ABI Bankruptcy Brief
 
 
 
NEWS AND ANALYSIS

Senate Passes Amended Version of "COVID-19 Bankruptcy Relief Extension Act of 2021" Ahead of March 27 Deadline



As key bankruptcy relief provisions passed last year are due to sunset on March 27, the Senate last night passed by unanimous consent an amended version of H.R. 1651, the “COVID-19 Bankruptcy Relief Extension Act of 2021.” The legislation was amended to only include the CARES Act bankruptcy provisions, which will be extended one year to sunset on March 27, 2022. According to Hill sources, the amendment struck section 2(c) from the bill, which was the section extending the bankruptcy provisions of December's “Consolidated Appropriations Act of 2021” (CAA) that are due to sunset on December 27. While the COVID-19 Bankruptcy Relief Extension Act originally proposed the CAA provisions to expire at the same time as the CARES bankruptcy provisions on March 27, 2022, the amendment means that the CAA provisions will still expire in eight months. The Senate-amended version of H.R. 1651 now heads back to the House of Representatives for passage potentially before the end of the week.

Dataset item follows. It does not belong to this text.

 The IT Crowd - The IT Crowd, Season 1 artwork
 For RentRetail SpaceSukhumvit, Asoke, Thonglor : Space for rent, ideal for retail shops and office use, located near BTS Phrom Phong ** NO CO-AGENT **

Overall, the legislation would extend personal and small business bankruptcy relief provisions that were part of last year's CARES Act through March 2022. Some of the key provisions of last year's relief packages were the increased debt limit to $7.5 million for small business debtors electing to file under subchapter V and allowing individuals to seek COVID-19–related hardship modifications, among other changes. Senate Judiciary Chair Richard Durbin (D-Ill.) and Ranking Member Chuck Grassley (R-Iowa) introduced S. 473 on February 25 to extend the bankruptcy provision sunsets, and House Judiciary Committee Chairman Jerry Nadler, D-N.Y., introduced H.R. 1651, the House companion, on March 8. ABI on March 5 sent a letter to Senate Judiciary Committee leadership supporting S. 473, the "COVID-19 Bankruptcy Relief Extension Act," to extend, for another year, bankruptcy-relief provisions due to sunset in the 2020 CARES Act and December 2020 omnibus appropriations bill. “There is no doubt that the COVID-19 pandemic and its aftermath will continue to put significant strain on U.S. small businesses in the near future and perhaps for years to come,” ABI Executive Director Amy Quackenboss wrote in the letter to Sens. Durbin and Grassley. “By extending the increased debt limit of the SBRA, the COVID-19 Bankruptcy Relief Extension Act offers much-needed relief to a growing number of U.S. small businesses who find themselves in need of reorganizing in order to stay in business.” Click here to read ABI’s letter.



For information on SBRA, including the CARES Act amendments, be sure to visit ABI's SBRA Resources page.



To find out about the consumer and business provisions of the CAA, be sure to check out ABI's recent podcasts.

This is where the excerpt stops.